Buena muestra de este modo de pensar la ofrece R. G. Collingwood en su Idea de la historia:

¿Cuáles fueron los pasos y las etapas que, para llegar a existir, ha recorrido la moderna idea europea de la historia? Puesto que, a mi parecer, ninguna de esas etapas ocurrió fuera de la región del Mediterráneo, es decir, fuera de Europa, del Cercano Oriente, desde el Mediterráneo hasta Mesopotamia y de las costas septentrionales al África [o sea fuera del mundo influido luego por la herencia greco-romana], nada debo decir acerca del pensamiento histórico en China ni en otra parte alguna del mundo, salvo de la región que he mencionado.

Y a continuación, para precisar por qué excluye del campo de la conciencia histórica a la mayor parte de la humanidad, da las razones que, fundamentalmente, se reducen a distinguir entre ese propósito casi universal de querer preservar la memoria del pasado y lo que ofrece como radicalmente diferente: reflexionar sobre el acontecer pretérito e inquirir críticamente para formarse una imagen lógica de él. Aquellos pueblos, incluso los que conocieron alguna forma de escritura, pero que estuvieron desprovistos de la actitud inquisitiva y crítica nacida entre los griegos, no alcanzaron otra cosa —sostiene Collingwood—, que una cierta especie de “cuasi-historia”.

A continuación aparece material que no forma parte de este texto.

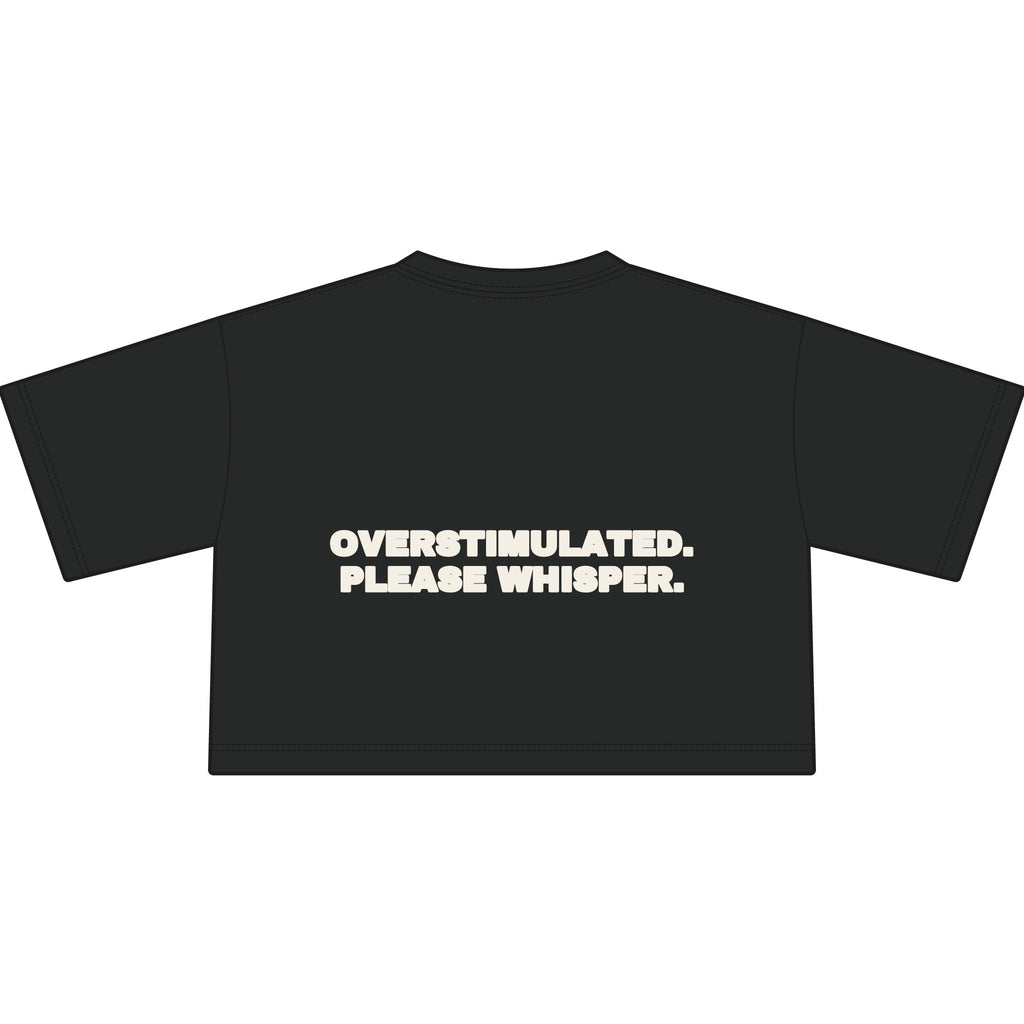 Overstimulated. Please whisper. Statement Crop Tee - Funny Dry Humor Gift for Her | Seen Zoned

Ésta tuvo un carácter teocrático, y se expresó en sus teogonías, mitos, fábulas y leyendas. Para el investigador de las antigüedades del Nuevo Mundo, esta conclusión no debe pasar inadvertida. Si asume una actitud crítica, cual es de esperarse, ¿tendrá por ello que desechar, como no históricos en sentido estricto, tal vez todos los documentos que pueda reunir provenientes de los pueblos que estudia? ¿Deberá ver en ellos sólo otra manera de testimonio implícito, como son los demás vestigios que descubren los arqueólogos, pero no el reflejo de una conciencia histórica verdaderamente digna de ese nombre?

El enunciado de estas cuestiones vuelve pertinente una consideración sobre ellas. Es curioso notar que esta moderna concepción crítica de la idea de historia coincide, en cuanto a sus consecuencias, con aquella otra forma de pensamiento que, por razones tan distintas como la de una actuación demoníaca, llevó a tener asimismo por meras fábulas a las llamadas “historias de los indios”. ¿Se trata acaso —cabría preguntarse—, de dos posturas etnocéntricas, la del evangelizador, que sólo aceptó como verdaderas la historia de la revelación y la de los pueblos cristianos, y la del hombre moderno de origen occidental que afirma que el sentido crítico es exclusivo de su herencia de cultura?